Movie review: The Unbearable Weight of Massive Talent
Give Nicolas Cage a chance to slap himself in the face, and you know he’ll go full cream pie. So why did director Tom Gormican go for a dark thriller instead of full-on movie star send-up? We can only wonder as we stare into the crater of a leaden satire.
The Unbearable Weight of Massive Talent
2/5
Starring: Nicolas Cage, Tiffany Haddish, Pedro Pascal
Directed by: Tom Gormican
Running time: 1 mhr 47 mins
Rating: Restricted
By Katherine Monk
Nicolas Cage acts opposite his own personae in a movie that takes a mega take on meta. Starring as a one-time movie star named Nic Cage — an actor who appeared in Moonstruck, The Rock, Leaving Las Vegas and Face/Off — Cage is given a kid glove to slap himself in the face, and he picks up the challenge without so much as a flinch.
Talking about bad agents, and a quest for the ultimate comeback role — “not that I went anywhere” — Cage finds himself floundering in the quagmire of youth-obsessed Los Angeles. He can’t land the big roles he once used to, and now he’s thinking about a move to the sidelines as a secondary character actor playing the “gay uncle” to ingenues.
The only problem is his ego wants more, and it screams its needs as a resurrected Nic Cage from 1990, complete with a mop of long blond hair and a smooth, triangular face that looks stolen from a Byzantine depiction of Christ. The youthful and egotistical “Nicky” demands attention and movie star treatment, but the grown-up sees what all that selfishness has wrought: a dysfunctional relationship with his daughter and ex-wife, as well as a rising mountain of financial debt as a result of living a movie star life, without movie star wages.

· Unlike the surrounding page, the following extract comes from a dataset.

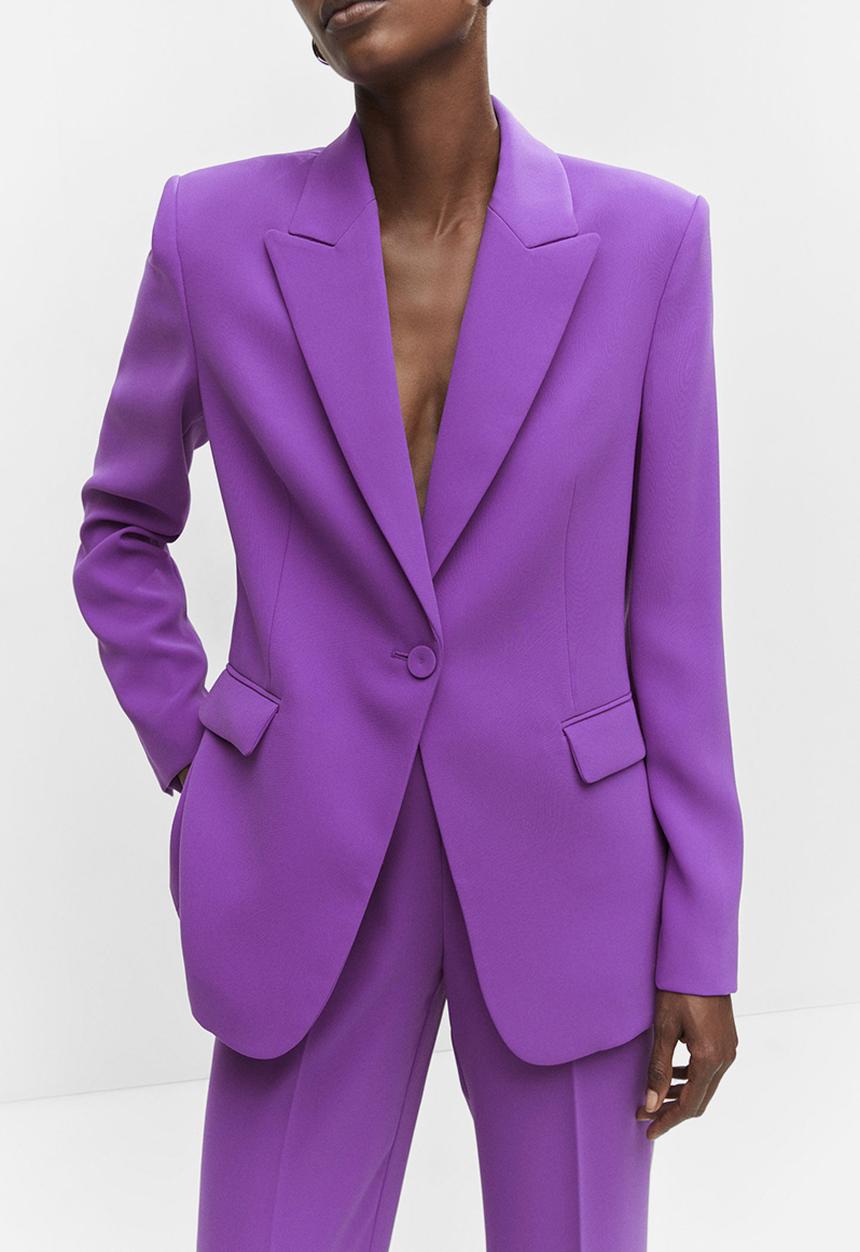 MANGO - Blazer iguana - medium purple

…For all the bizarre details and endless references to less-than perfect Cage performances, this movie can’t transcend its own laboured reality.
To prevent financial ruin, Nicolas accepts an offer from a private businessman: A million dollars to attend a birthday party in Spain. All he has to do is play himself. Cage’s misapprehensions about the assignment — such as worries about sexual exploitation and taped karaoke sessions — are supposed to fire up the furnace of humour and take us to an absurdist island of alternate consciousness. Yet, for all the bizarre details and endless references to less-than perfect Cage performances, this movie can’t transcend its own laboured reality.
Even when it switches gears and turns into a movie about making a movie starring Nicolas Cage, it relies too heavily on Cage’s faux alter-ego and his ability to take a nothing scrap of dialogue and make it weirdly interesting. Nic Cage can upstage Nicolas Cage all day long, but it doesn’t mean the audience is getting a full dose of entertainment. It only guarantees we’re getting a lot of Nicolas Cage crammed into a self-aware package that suggests unguarded sincerity, but delivers little more than forced emotion and a shallow reflecting pool of classic cinema.